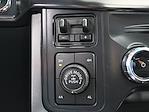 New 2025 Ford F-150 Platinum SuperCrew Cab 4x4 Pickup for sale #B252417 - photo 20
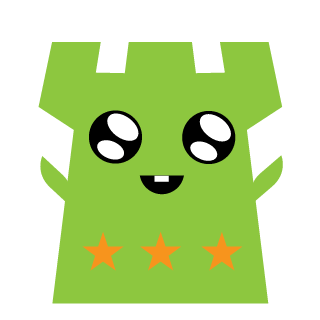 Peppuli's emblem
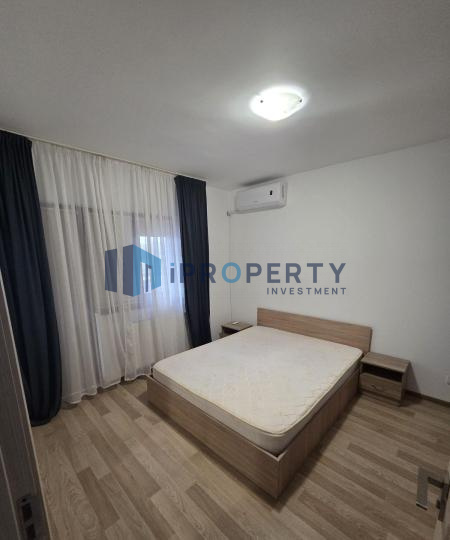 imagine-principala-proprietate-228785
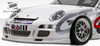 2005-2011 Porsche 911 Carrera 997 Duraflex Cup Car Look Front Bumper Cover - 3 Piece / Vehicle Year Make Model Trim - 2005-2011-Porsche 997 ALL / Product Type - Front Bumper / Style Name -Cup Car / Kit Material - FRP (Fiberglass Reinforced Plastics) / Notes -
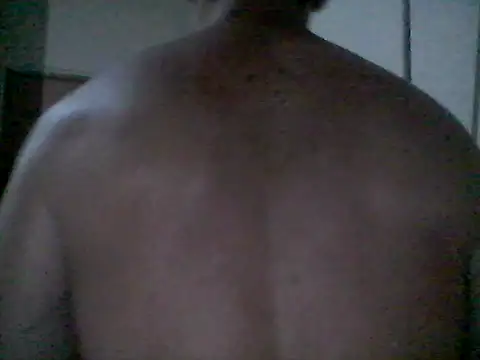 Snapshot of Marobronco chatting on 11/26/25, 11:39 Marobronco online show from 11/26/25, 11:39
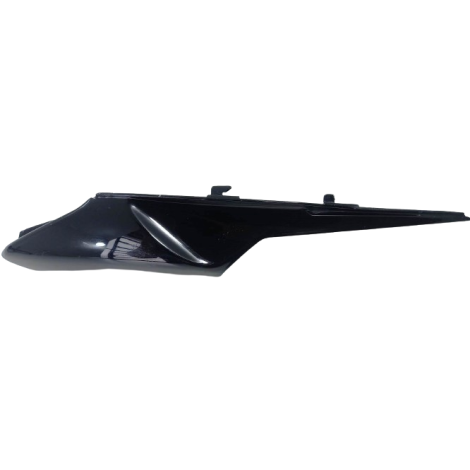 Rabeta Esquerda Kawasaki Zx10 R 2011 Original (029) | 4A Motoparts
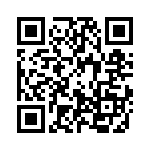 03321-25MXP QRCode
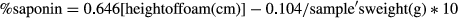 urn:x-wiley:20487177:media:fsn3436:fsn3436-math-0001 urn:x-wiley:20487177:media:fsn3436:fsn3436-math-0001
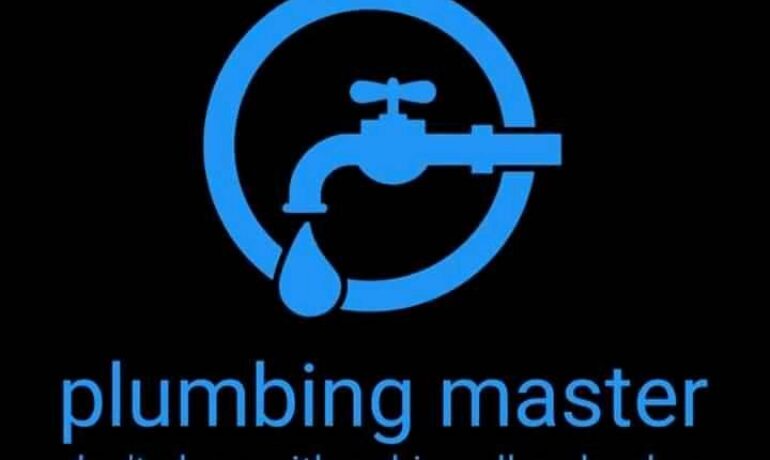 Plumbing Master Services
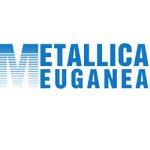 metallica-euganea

################

--- TASK TO COMPLETE ---
The expected output is the exact run of lines from the first line of the material above through the line that contains "2005-2011 Porsche 911", minus any pictures.

--- ANSWER BELOW ---
 New 2025 Ford F-150 Platinum SuperCrew Cab 4x4 Pickup for sale #B252417 - photo 20
 Peppuli's emblem
 imagine-principala-proprietate-228785
 2005-2011 Porsche 911 Carrera 997 Duraflex Cup Car Look Front Bumper Cover - 3 Piece / Vehicle Year Make Model Trim - 2005-2011-Porsche 997 ALL / Product Type - Front Bumper / Style Name -Cup Car / Kit Material - FRP (Fiberglass Reinforced Plastics) / Notes -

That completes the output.